La République En Marche vers un large échec aux municipales. Tout concourt à ce que les municipales soient décevantes pour la majorité. D’abord, le parti présidentiel voulait présenter candidats dans toutes les villes de plus de 9.000 habitants. Elle n’y parvient pas.

Seules (sur un millier de villes) 260 têtes de listes auront l’investiture En Marche, dont uniquement 160 marcheurs pur jus comme nous le révélait Carine Bécard dans la matinale de mercredi. Les autres sont souvent des maires sortants divers droite ou gauche ou membres de partis associés. 

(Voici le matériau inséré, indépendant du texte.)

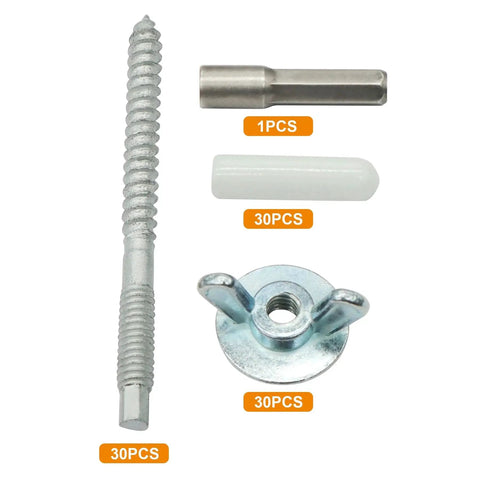 30 Pack 1/4-20 X 2-1/4 Inch Hurricane Anchor Kit With Steel Anchor Bolts Washered Wing Nuts Thread Protectors And Driving Tool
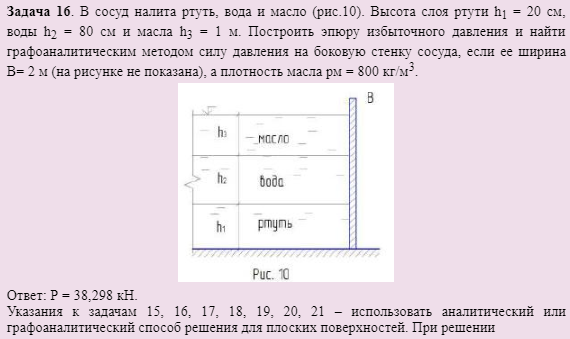 Задача 16. В сосуд налита ртуть, вода и масло
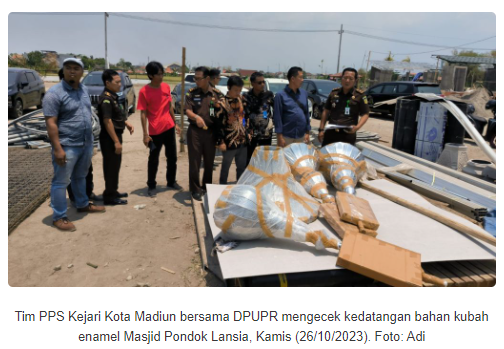 Pemkot Madiun Percepat Pemasangan Kubah Enamel Masjid Pondok Lansia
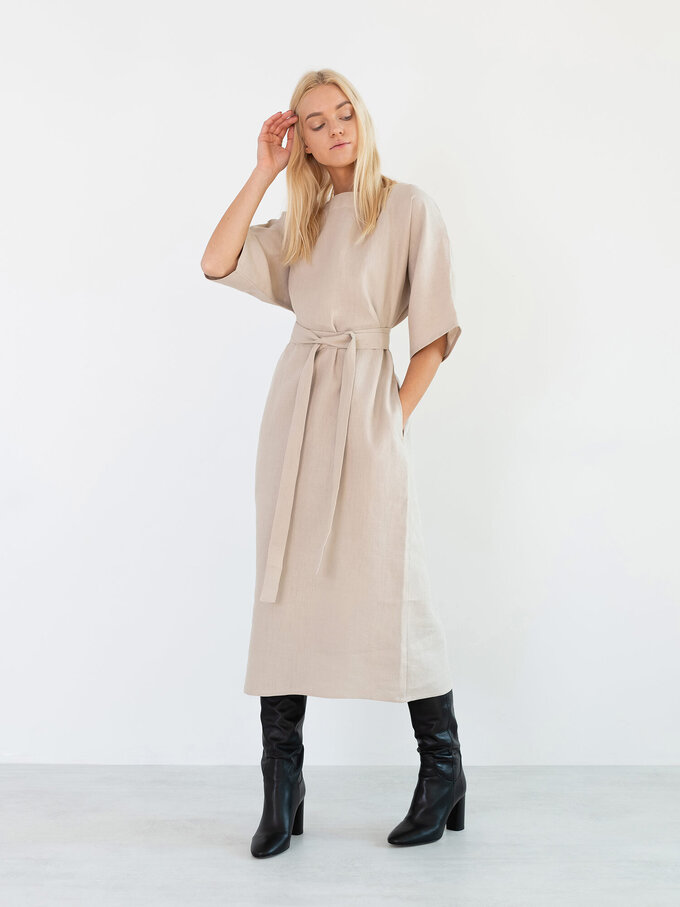 Image 3 of CLEMENTINE Linen Midi Dress in Beige from Love and Confuse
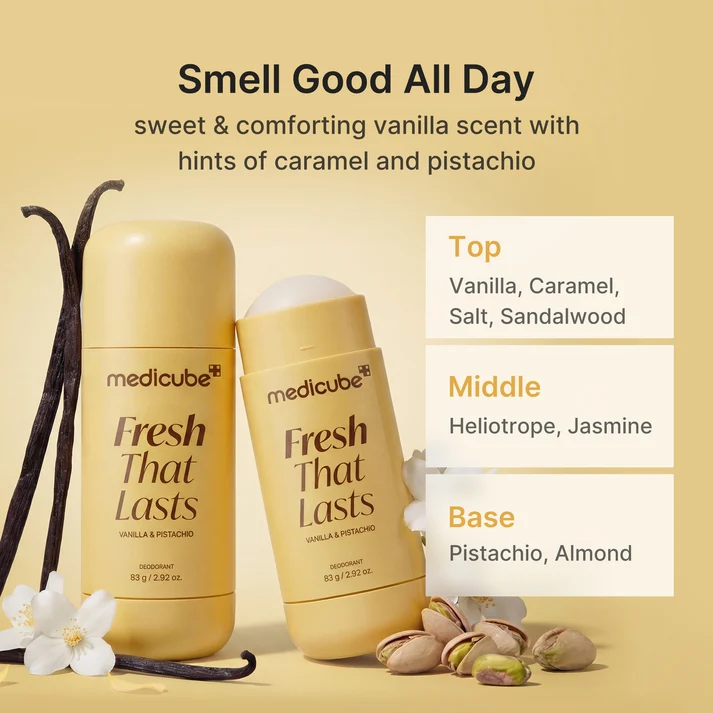 Medicube - Kojic Acid Brightening Deodorant (Vanilla & Pistachio) | مزيل عرق لتفتيح منطقة الإبطين برائحة الفانيلا والفستق - الصورة 4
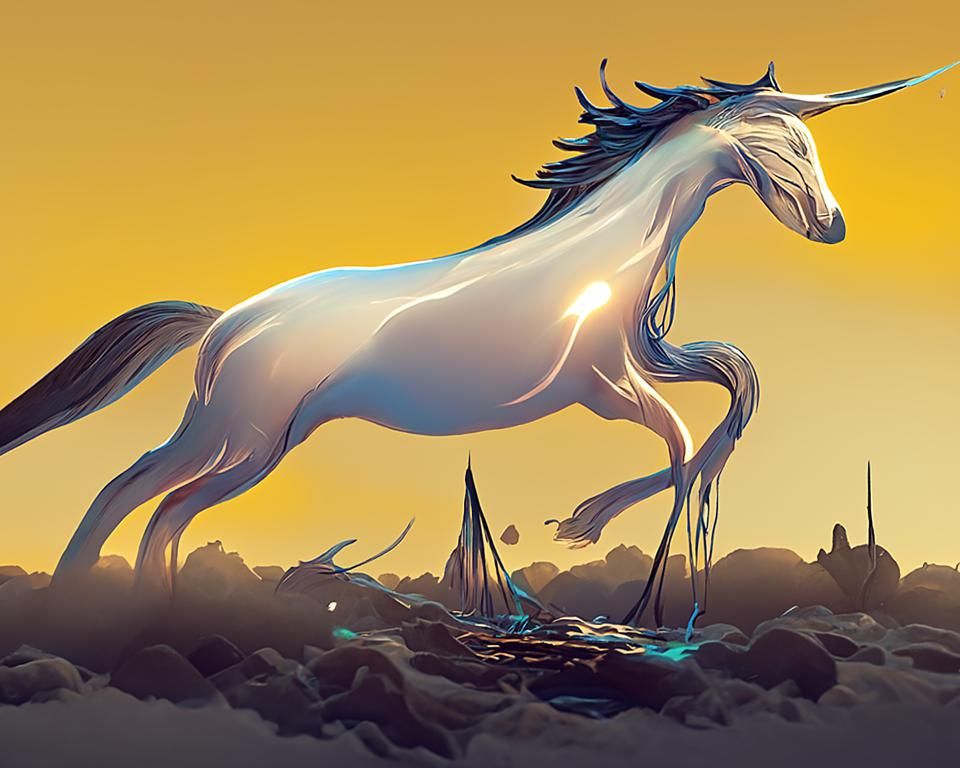 Pearled Unicorn Digital Art in Unreal Engine 5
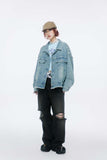 Unisex Jacket Autumn Butterfly Patch Denim Coat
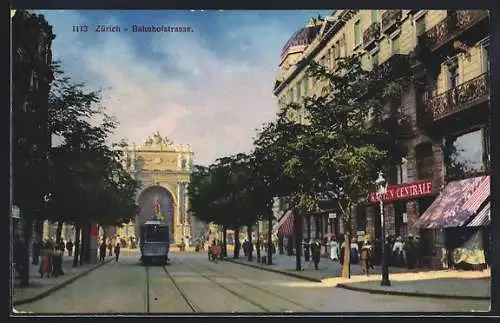 AK Zürich, Strassenbahn auf der Bahnhofsstrasse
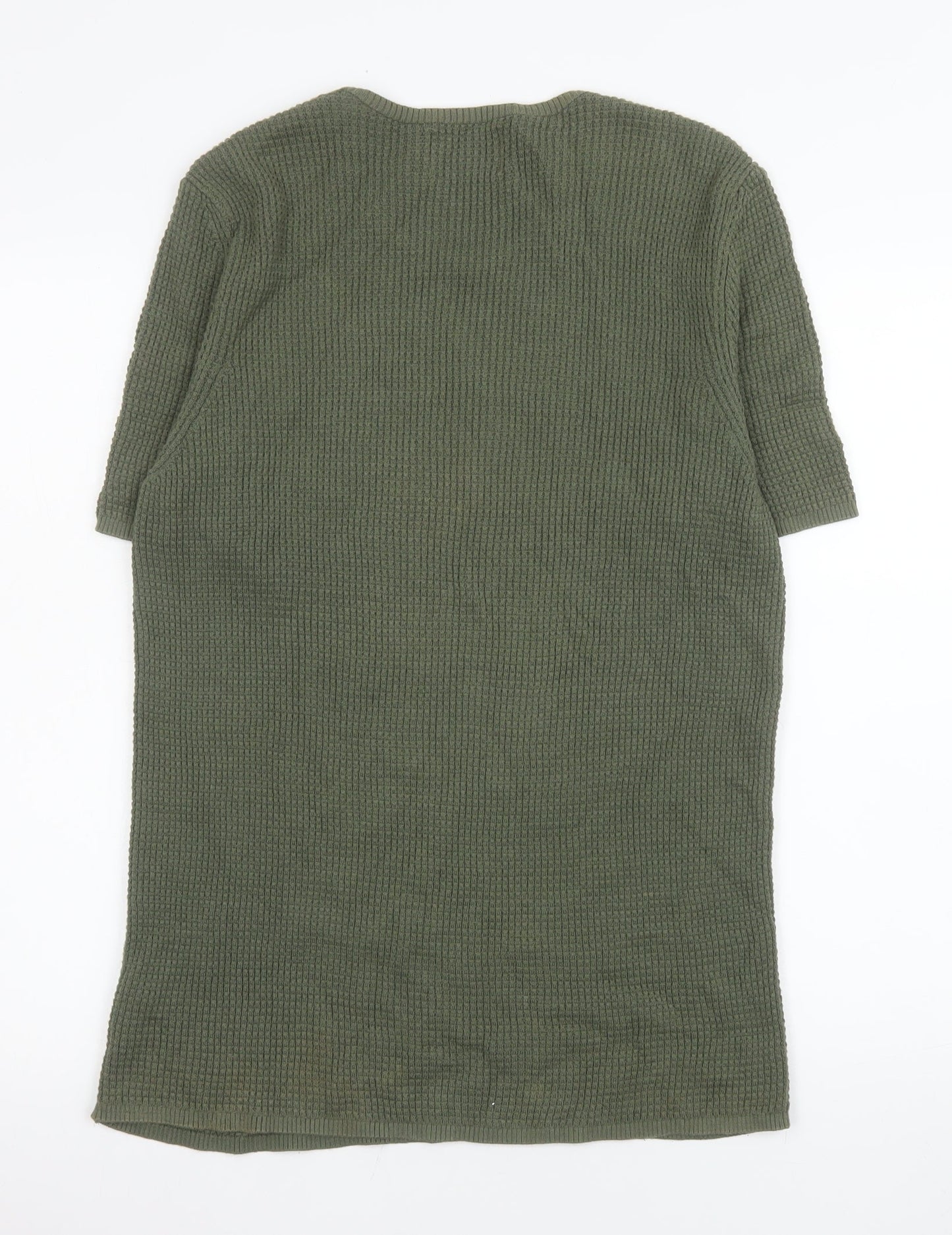 Topman Men's Green Short Sleeve Crew Neck Cotton T-Shirt Size S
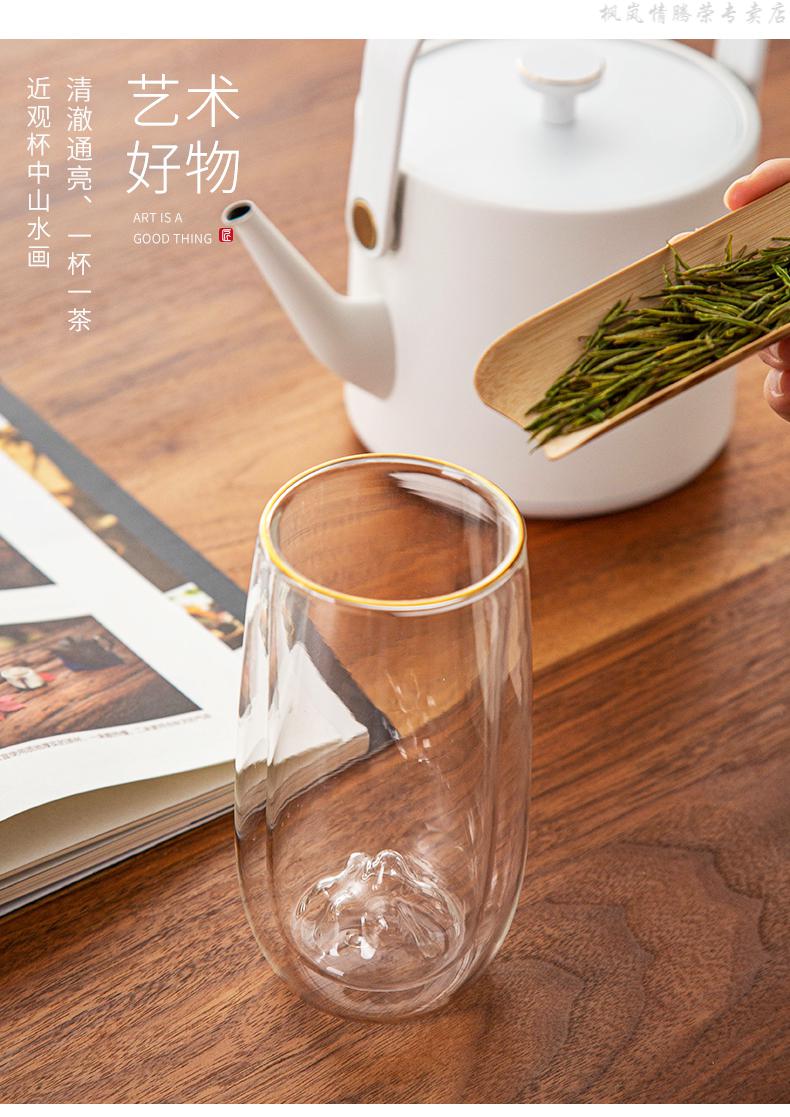 观山杯简易泡茶杯富士山杯绿茶杯专用龙井杯玻璃水杯耐热杯子雪山观山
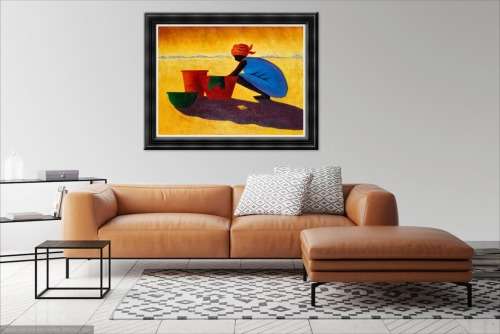 large african themed oil painting GALLERY RETAIL R16 800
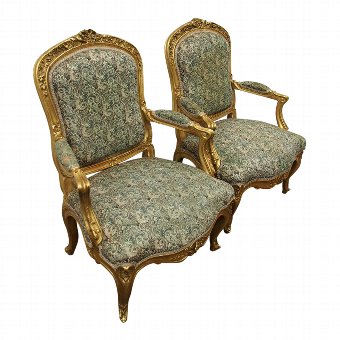 Pair of Louis XV Carved and Giltwood Armchairs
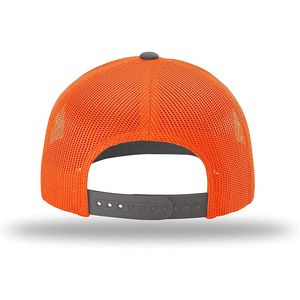 Casquette Trucker Unisexe en Tissu Mesh 6 Panneaux Taille Ajustable Gris Orange Color Block Décontractée Printemps-Été - Product Image 5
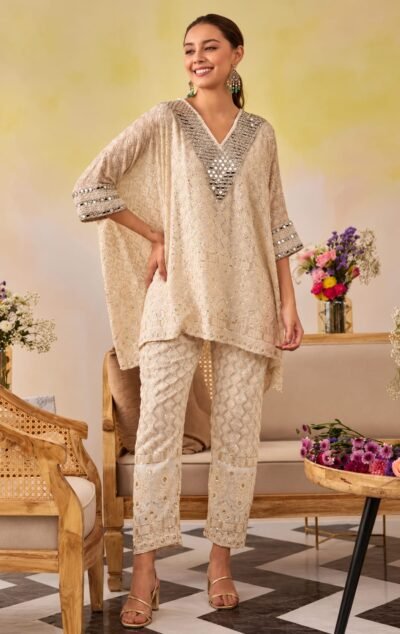 White Mirror Detail Chikankari Co-ord Set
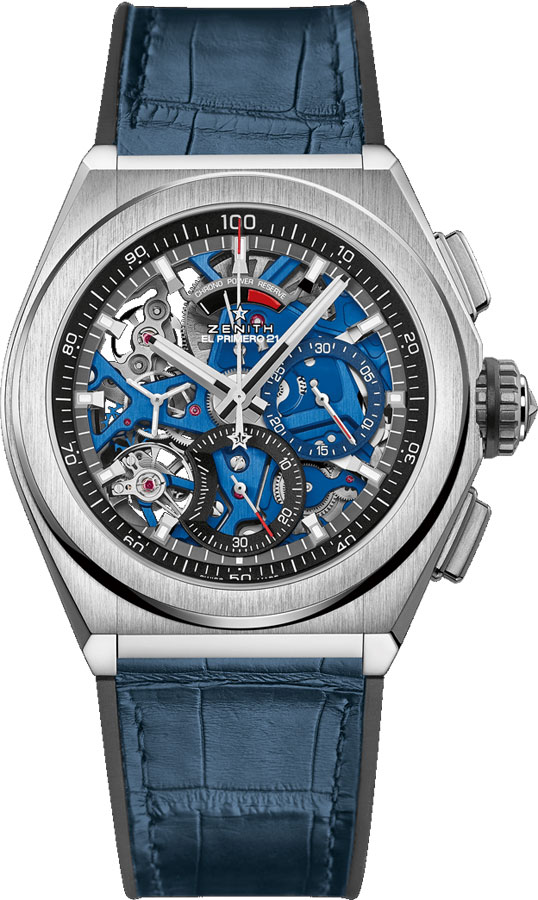 Zenith Defy El Primero 21 Watches Mens Openworked Blue Skeleton Self winding Automatic Chronometer 95-9002-9004-78-R584 Watch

L’absence d’ancrage local ancien explique, bien sûr, en partie ce premier échec que constitue l’impossibilité de trouver assez de candidats en position de favoris. Parce que le parti du président ne peut pas se permettre de passer par les étapes classiques d’un nouveau parti qui présente des candidats partout pour gravir les premiers échelons, quitte à multiplier des mini-scores. La moindre candidature En Marche doit avoir une sérieuse chance de victoire pour être investie. 

La majorité joue donc placée plutôt que gagnante pour les municipales. Et ça crée des dissensions, des dissidences comme à Paris et Lyon, des atermoiements comme à Marseille. On parle là des trois plus grandes villes du pays qui avaient fourni de très bons scores à La République en marche en 2017. 

Mais ce n’est pas qu’une question d’implantation. La vague macronienne n’est plus là. Il ne s’agit pas de l’usure, après deux ans 1/2 de pouvoir, d’une éventuelle impopularité des réformes, ni même d’une déception de certains quant à la personnalité d’Emmanuel Macron et sa façon de présider. Vu la popularité plus dégradée encore des oppositions, ce n’est pas le rapport de force national qui comptera … excepté pour le RN et les écologistes, qui ont très peu de maires sortants mais le vent en poupe, aussi sur des problématiques locales. 

La nature du macronisme, qui a abouti au triomphe de 2017 et au sauvetage de meubles des européennes, sera sans doute de moindre efficacité pour les municipales. 

Pourquoi ?

Parce que le macronisme de 2017 était une promesse de sortie de l’impuissance publique qui minait la vie du pays depuis le second mandat de François Mitterrand. Emmanuel Macron avait convaincu une majorité de Français de stopper net l’improductive alternance gauche-droite, non pas via le populisme mais par un dégagisme positif et pragmatique. Résultat, le macronisme a tout simplement changé l’ensemble du personnel politique gouvernant. Mais cette nécessité, que le plus jeune président de la Ve République incarnait, n’a pas de raison d’être aux municipales. 

Si les Français constataient l’impuissance publique au niveau national, ils ne la constatent pas du tout au niveau municipal. Les grandes villes, particulièrement, ont énormément changées (en bien ou en mal c’est un autre sujet) mais personne ne peut dire que le maire (ou pour les petites villes le président de la communauté de commune) est un élu impuissant ! Dès lors, l’originalité macronienne n’a pas court aux municipales. D’autant que la majorité n’a pas encore réussi à donner une vision claire de ce que serait la spécificité d’une municipalité En Marche.